-- Opening Marker --

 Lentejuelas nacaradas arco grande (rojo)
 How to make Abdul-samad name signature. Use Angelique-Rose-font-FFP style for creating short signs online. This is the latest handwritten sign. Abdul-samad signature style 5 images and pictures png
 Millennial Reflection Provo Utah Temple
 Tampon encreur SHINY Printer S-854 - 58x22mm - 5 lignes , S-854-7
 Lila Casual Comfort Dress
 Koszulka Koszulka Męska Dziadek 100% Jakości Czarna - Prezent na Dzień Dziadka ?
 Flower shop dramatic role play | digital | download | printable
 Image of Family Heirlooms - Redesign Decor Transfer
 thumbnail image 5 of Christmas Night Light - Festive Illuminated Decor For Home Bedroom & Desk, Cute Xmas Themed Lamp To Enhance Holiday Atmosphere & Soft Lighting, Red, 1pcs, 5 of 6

-- Closing Marker --

• WHAT TO WORK ON:
Starting at the line above that holds "Millennial Reflection Provo Utah Temple" and ending at the line that holds "Koszulka Koszulka Męska", transcribe each line exactly and include no other lines.

• SOLUTION TO THIS TASK:
 Millennial Reflection Provo Utah Temple
 Tampon encreur SHINY Printer S-854 - 58x22mm - 5 lignes , S-854-7
 Lila Casual Comfort Dress
 Koszulka Koszulka Męska Dziadek 100% Jakości Czarna - Prezent na Dzień Dziadka ?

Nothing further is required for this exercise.